If bot are solving these problems faster and more accurately than humans, it’s not really slowing down the bots and spammers anymore. That is also a solved problem.
Well, if it is solving CAPTCHA better and faster than humans, that is a useful signal. Maybe they monitor how often an IP address figures something out and if it gets too many right they +1 a suspicion counter. I dunno. Implementing the CAPTCHA solving bot also takes time and expertise; it'd filter out some low-ability spammers.
>if I see kids playing basketball in a driveway, I’m going to slow down, incase the ball bounces into the street and a kid takes off after it without looking
That's because you're a thoughtful, conscientious driver. A very large fraction of drivers are not, so society winds up with lots of dead kids. Humans are terrible drivers: some of them are OK, but too many are very bad, leading to catastrophic results, and because of this human drivers need to be eliminated. Alternatively, the society could become far stricter about which humans are allowed to drive, but that isn't feasible when the society has intentionally made it so that it's effectively impossible to survive without owning and driving a car.
The captcha example isn't exactly fair, the images shown can be newly generatrd, repeated, or used as control images, and even if they are unclassifiable then you're not seeing the successes.
Without knowing the whole system there's too much hidden bias to claim the computer is more of less accurate than a commuter.
No doubt all of your excuses are at least partially true, however, at this point, literally after almost two decades of billions of people training these things to see bikes, it still needs a lot more work.

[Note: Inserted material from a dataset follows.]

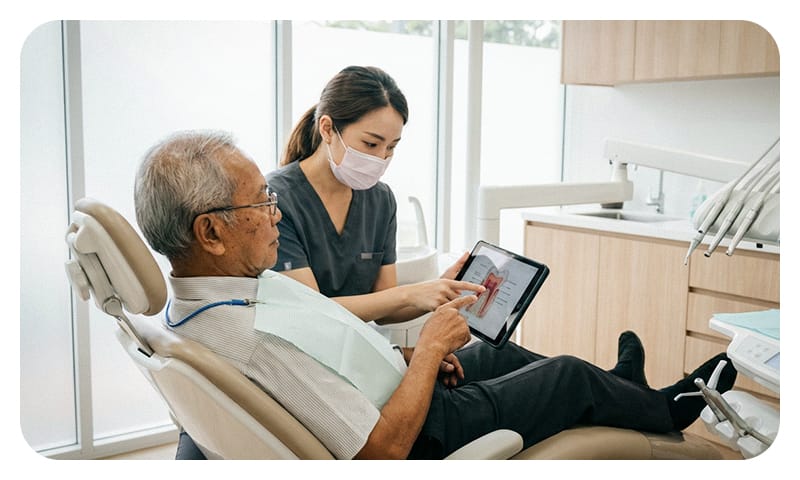 An elderly man receiving a professional dental consultation about his personalized implant treatment plan in a clinic setting.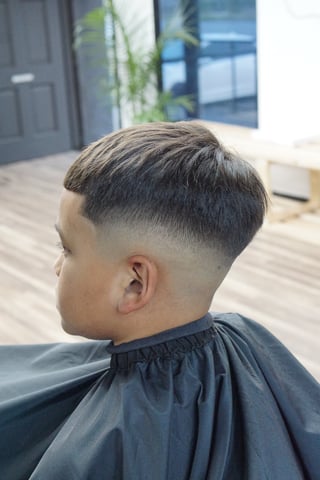 Side profile of a man with a modern fade haircut, short tapered sides and longer textured top, wearing a black cape in an indoor salon setting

How many years or decades did we spend answering them before it got to where it today?
I’m all for optimism, but these problems are clearly much harder than the futurists would like the public to believe. Elon said Teslas would be driving across the country to pick up their owners by 2018. 6 years later and what does it do, drive across a parking lot?
Trains are also a solved problem, and seem like a much better solution to the problem. With rails, a vast majority of the complexity around driving goes away. They also remove traffic instead of keeping it the same or making it worse. Less traffic would likely mean fewer accidents, even if humans are still the ones driving. And batching transit together, with dozens of people in one vehicle is going to be far more energy efficient than everyone running their own vehicle. It also solves the issue of drunk driving, distracted driving, and bad drivers in general, as everyone is just a passenger.
So much money, time, talent, and energy has gone into this self driving stuff, and it seems like a massive misallocation of resources. They’re solving the wrong problem.
Seeing a bike and inferring the vector of a bike are very different. A kid or tweaker on a bike needs more frequent updates than someone commuting or training.
The "fully visible" part made me thinks humans can identify a bicycle and rider with just partial visibility, which means they would stop faster than the car.